Survival and Developmental Progression of Unselected Thymocytes in the Absence of the T-Cell Adaptor Gads

Thymocyte β-selection and positive-selection depend on TCR signaling via the immune adaptors SLP-76 and LAT. Gads bridges the recruitment of SLP-76 to LAT, yet is not required for the maturation of single positive (SP) thymocytes. To illuminate this paradox, we performed tamoxifen-induced ablation of Gads (Gads^iKO), accompanied by the expression of tdTomato, and compared the development of Gads-expressing (Tom⁻) and Gads-ablated (Tom⁺) thymocytes within the same mouse. Gads^iKO (Tom⁺) thymocytes exhibited impaired β- and positive-selection, yet δ-selection was not affected. While susceptible to apoptosis ex vivo, the marked accumulation of self-MHC nonresponding (CD5⁻) Gads^iKO DP thymocytes suggested the possibility of impaired death by neglect in situ.

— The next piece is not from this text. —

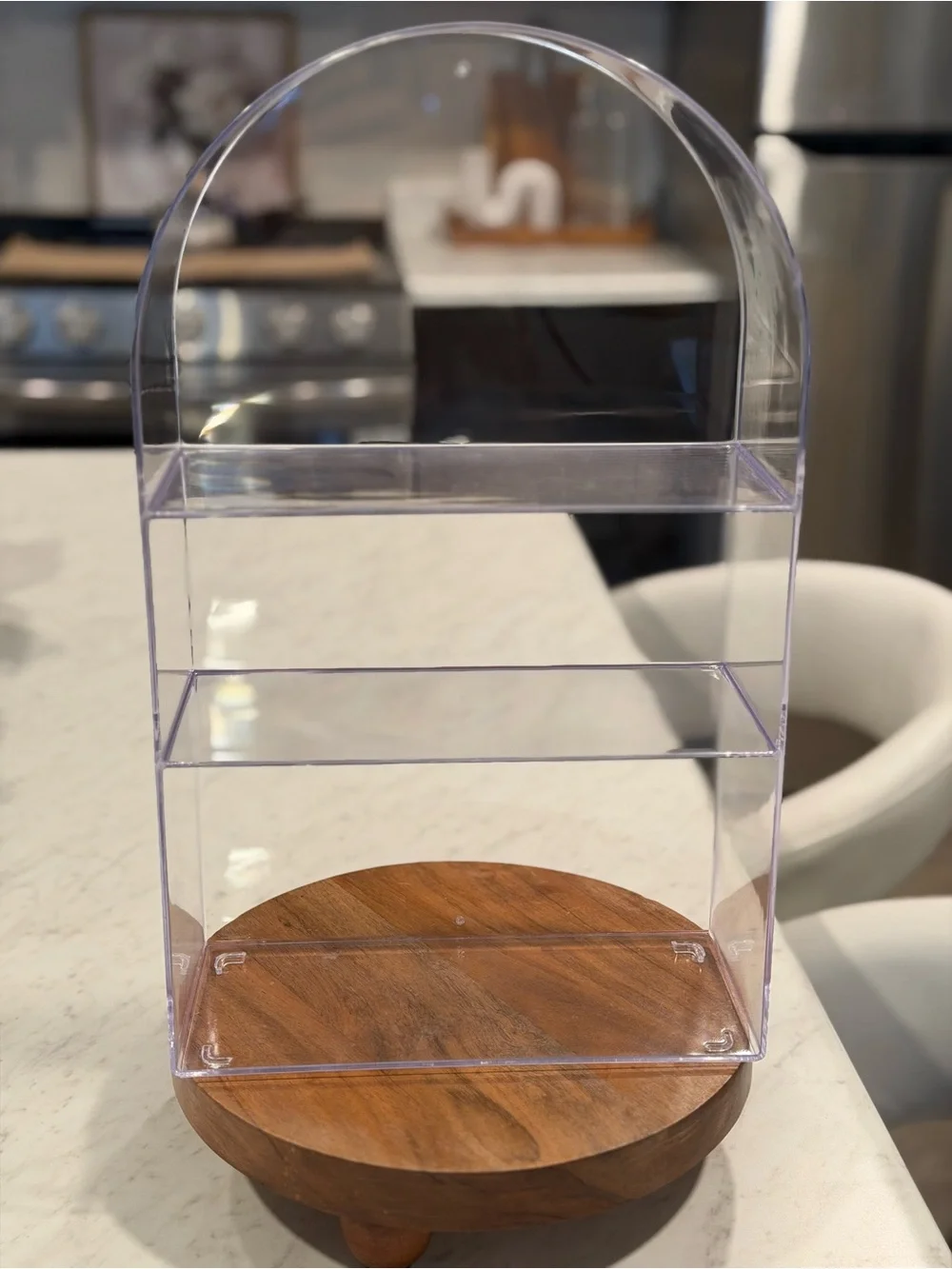 Clear Acrylic 3-Tier Organizer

Further supporting this notion, Gads^iKO CD5^lo DP thymocytes exhibited reduced apoptosis in situ and reduced CD8-induced apoptosis ex vivo. Most Gads^iKO CD4 SP thymocytes were positively selected, yet a distinct population of unselected (CD5⁻ TCRβ^neg/low CCR7^lo CD24^hi) CD4 SP thymocytes was seen only in the absence of Gads. This unselected population did not include Treg or TCRγδ subsets; rather, it encompassed CD44^lo CD25⁺ cells, resembling pre-β-selection thymocytes. Our results suggest that Gads promotes passage through key TCR-driven developmental checkpoints while repressing the progression of unselected DN and DP thymocytes.